Frequently Asked Questions
What insurance considerations apply when buying another business?
Acquiring another business is one of the most complex transactions your company will undertake, and insurance is a critical component of due diligence and integration planning.
Pre-acquisition insurance due diligence:
Claims history: Review the target’s claims history for patterns suggesting operational problems or hidden liabilities.
Coverage adequacy: Evaluate whether the target has appropriate coverages and limits for its operations.
Policy review: Examine actual policies for exclusions, conditions, and terms that could affect claims.
Uninsured exposures: Identify gaps between the target’s exposures and its coverage.
Workers’ comp experience mod: The target’s EMR affects future premium costs.
Representations and warranties insurance:
What it covers: R&W insurance covers losses from breaches of seller representations in the purchase agreement.
When it’s used: Common in private equity transactions and competitive bidding situations.
Cost and structure: Buyer-side policies are more common.
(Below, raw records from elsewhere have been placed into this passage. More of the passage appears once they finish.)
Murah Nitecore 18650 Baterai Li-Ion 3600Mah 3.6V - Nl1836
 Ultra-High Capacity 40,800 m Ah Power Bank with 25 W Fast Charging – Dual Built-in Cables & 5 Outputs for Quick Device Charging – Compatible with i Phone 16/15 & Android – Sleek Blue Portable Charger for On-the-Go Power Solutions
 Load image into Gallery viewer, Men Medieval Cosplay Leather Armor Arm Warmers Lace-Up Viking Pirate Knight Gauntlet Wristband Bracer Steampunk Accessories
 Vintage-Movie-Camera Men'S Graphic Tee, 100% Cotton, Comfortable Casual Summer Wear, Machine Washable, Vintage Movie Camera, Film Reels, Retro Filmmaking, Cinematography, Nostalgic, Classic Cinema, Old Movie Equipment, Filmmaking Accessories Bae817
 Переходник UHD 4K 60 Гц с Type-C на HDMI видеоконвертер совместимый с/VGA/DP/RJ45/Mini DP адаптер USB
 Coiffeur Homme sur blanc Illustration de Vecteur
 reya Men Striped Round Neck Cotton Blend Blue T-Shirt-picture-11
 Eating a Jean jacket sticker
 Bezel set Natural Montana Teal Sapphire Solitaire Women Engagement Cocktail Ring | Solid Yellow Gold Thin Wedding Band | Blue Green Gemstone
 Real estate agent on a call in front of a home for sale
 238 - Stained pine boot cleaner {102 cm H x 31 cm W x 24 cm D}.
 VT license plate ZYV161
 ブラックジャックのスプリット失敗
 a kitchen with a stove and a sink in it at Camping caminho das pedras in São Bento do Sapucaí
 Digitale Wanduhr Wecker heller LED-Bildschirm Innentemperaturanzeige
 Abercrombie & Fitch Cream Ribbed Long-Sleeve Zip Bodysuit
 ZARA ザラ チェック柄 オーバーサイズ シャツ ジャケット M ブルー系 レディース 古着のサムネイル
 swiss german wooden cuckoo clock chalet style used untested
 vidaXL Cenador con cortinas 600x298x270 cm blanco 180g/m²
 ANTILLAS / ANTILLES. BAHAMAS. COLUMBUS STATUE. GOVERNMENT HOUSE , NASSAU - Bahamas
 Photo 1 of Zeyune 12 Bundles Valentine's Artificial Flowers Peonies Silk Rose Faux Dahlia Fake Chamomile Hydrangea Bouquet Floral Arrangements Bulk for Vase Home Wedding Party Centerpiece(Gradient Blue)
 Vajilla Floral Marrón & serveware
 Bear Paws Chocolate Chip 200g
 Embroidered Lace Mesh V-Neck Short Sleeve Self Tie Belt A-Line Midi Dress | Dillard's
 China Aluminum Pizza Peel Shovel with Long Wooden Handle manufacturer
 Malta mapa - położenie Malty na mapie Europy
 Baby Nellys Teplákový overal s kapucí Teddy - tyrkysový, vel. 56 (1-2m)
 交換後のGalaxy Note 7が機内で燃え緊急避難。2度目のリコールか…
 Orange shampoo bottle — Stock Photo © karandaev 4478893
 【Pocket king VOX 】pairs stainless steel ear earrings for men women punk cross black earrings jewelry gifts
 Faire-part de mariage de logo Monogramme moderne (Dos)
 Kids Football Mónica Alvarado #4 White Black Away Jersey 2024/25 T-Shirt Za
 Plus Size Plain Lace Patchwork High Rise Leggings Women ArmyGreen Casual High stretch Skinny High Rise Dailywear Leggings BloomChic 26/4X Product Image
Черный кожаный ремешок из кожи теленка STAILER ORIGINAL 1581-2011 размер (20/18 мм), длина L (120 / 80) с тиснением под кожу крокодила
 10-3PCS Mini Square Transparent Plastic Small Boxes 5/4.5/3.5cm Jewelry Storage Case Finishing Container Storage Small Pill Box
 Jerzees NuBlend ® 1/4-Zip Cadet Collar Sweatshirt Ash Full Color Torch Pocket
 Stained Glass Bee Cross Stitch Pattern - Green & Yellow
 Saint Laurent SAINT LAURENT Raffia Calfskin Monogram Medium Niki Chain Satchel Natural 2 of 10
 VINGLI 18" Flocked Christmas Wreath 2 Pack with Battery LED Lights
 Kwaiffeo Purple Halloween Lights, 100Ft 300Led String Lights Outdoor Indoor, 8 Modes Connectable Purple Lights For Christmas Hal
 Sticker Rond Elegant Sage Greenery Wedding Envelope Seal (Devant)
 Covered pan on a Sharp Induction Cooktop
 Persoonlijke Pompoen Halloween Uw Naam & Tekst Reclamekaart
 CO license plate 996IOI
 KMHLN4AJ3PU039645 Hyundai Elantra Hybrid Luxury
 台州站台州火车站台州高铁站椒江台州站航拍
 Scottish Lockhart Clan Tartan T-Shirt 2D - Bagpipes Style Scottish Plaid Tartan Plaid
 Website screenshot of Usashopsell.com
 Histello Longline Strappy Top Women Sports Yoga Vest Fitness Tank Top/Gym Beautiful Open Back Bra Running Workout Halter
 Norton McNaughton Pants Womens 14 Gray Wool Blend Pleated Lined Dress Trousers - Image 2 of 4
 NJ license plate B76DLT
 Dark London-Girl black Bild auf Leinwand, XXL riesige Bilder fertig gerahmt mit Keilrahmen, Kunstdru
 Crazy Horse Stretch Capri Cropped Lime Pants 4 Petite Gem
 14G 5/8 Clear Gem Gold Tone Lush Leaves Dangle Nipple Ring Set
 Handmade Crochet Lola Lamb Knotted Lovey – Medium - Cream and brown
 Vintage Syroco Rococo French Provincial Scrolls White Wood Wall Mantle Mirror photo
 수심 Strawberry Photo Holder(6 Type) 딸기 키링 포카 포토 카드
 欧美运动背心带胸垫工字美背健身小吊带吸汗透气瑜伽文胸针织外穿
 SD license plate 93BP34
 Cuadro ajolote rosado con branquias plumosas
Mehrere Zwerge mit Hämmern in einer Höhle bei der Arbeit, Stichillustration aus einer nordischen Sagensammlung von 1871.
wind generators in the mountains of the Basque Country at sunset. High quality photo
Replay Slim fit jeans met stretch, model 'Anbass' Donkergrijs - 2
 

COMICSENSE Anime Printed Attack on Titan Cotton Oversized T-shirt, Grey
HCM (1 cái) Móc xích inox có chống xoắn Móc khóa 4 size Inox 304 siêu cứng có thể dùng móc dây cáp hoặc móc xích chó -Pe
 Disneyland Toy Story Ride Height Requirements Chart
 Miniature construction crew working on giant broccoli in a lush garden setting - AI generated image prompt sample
Premiums typically run 2-4% of coverage limits.
Negotiating leverage: R&W insurance can facilitate deals by reducing escrow requirements.
Post-acquisition insurance integration:
Coverage consolidation: Decide whether to merge onto your policies or maintain separate coverage.
Timing: Ensure no coverage gaps during transition.
Retroactive coverage: Address pre-acquisition occurrences that may result in post-closing claims.
Workers’ comp coordination: Combine experience mods and payroll appropriately.
Notification: Inform insurers of the acquisition and its impact on your risk profile.
Engage your insurance advisor early in the acquisition process, not after the deal closes.
What insurance considerations apply when creating a holding company structure?
Restructuring into a holding company with operating subsidiaries creates insurance complexity requiring careful planning to ensure all entities are appropriately protected.
Why companies create holding structures:
Liability isolation: Separating risky operations from valuable assets.
Tax planning: Achieving more favorable tax treatment.
Acquisition readiness: Facilitating future acquisitions or divestitures.
Investment separation: Isolating investments from operating business risks.
Succession planning: Creating structure supporting ownership transitions.
Insurance structure for holding companies:
Holding company coverage: The holding company needs its own D&O and potentially other coverages.
Operating subsidiary coverage: Each subsidiary needs coverage appropriate to its activities.
Coordinated vs. separate: Coverage can be combined or separate depending on goals.
Upstream liability: Ensure holding company is protected from subsidiary activities.
Downstream protection: Subsidiaries need protection from holding company decisions.
D&O considerations:
Multiple boards: Holding company and subsidiary boards may need coordinated coverage.
Interlocking directors: Directors serving on multiple boards need clarity on which coverage applies.
Side A priority: In multi-entity structures, dedicated Side A coverage becomes more important.
Allocation: How claims involving multiple entities are allocated between policies.
Operational insurance:
Subsidiary activities: GL, property, workers’ comp, and other coverage for subsidiary operations.
Holding company activities: May be minimal but still need coverage.
Inter-company transactions: Coverage for activities between related entities.
Shared services: If holding company provides services to subsidiaries, coverage should address this.
Implementation:
Transition planning: Plan insurance structure before implementing holding company.
Day-one coverage: Ensure coverage effective when new structure begins.
Documentation: Clear records of which entities are covered where.
What insurance considerations apply when spinning off a business unit?
Spinning off a business unit into a separate company creates insurance complexity during the transition and requires establishing independent coverage for the new entity.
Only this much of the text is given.